Optimizing the loss function
Let’s come to the main thing. We expect a linear curve to approximate the function generating our data. The linear curve has the following form.
\[\hat{y}(x)=\theta_{0}+\theta_{1}x\]Plugging this into the loss function gives us the equation below.
\[\mathcal{L}=\frac{1}{2}\sum_{i=1}^{N}\left(y^{(i)}-\theta_{0}-\theta_{1}x^{(i)}\right)^{2}\]Note that the only thing we can do to reduce loss (error) is to tune $\theta_{0}$ and $\theta_{1}$ in some way. We do not have any particular idea of what they could actually be, so we initialize them as random numbers. Now if a function depends on a set of variables and we wish to minimze the function by “tuning” those variables, we are performing optimization. What does optimization do?
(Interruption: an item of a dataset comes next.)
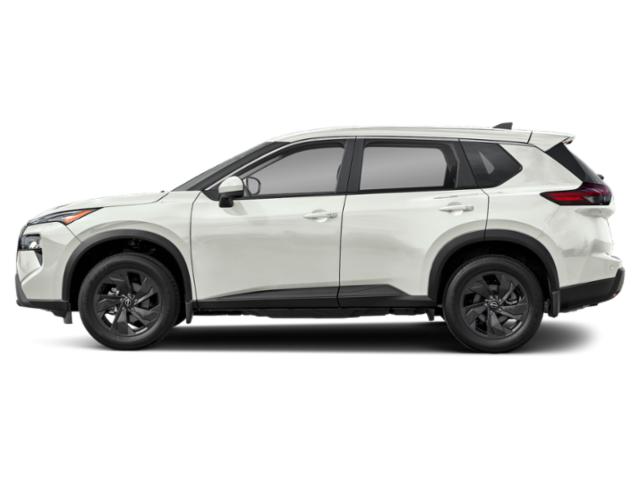 2026 Nissan Rogue SV 2026.5 AWD SV Intercooled Turbo Regular Unleaded I-3 1.5 L/91 [1]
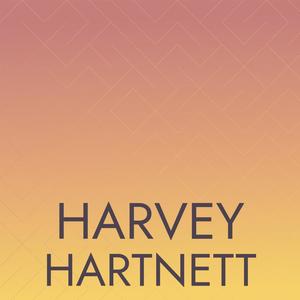 Harvey Hartnett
The plot below shows an example of what a loss function might look like (it’s almost never that smooth in real life).
I want you to focus on three points, which I have marked in the next image. Especially, focus on the slope of the loss function curve at those points, which is represented by dotted lines tangent to the curve at those points. The closer the model gets to the right answer, smaller the loss. This tells us that the right answer is likely very close to point $C$.
But notice how the slope at point $A$ is very high, that at point $B$ is non-zero but not as high as at $A$, and that at point $C$ is almost zero. This tells us something important: the slope of the loss function at a minimum is close to zero (ideally, exactly zero). The slope of any function at some input is equal to the value of the function’s first derivative at that input. So if we want to find the loss function’s minima, we just have to figure where its first derivative is zero!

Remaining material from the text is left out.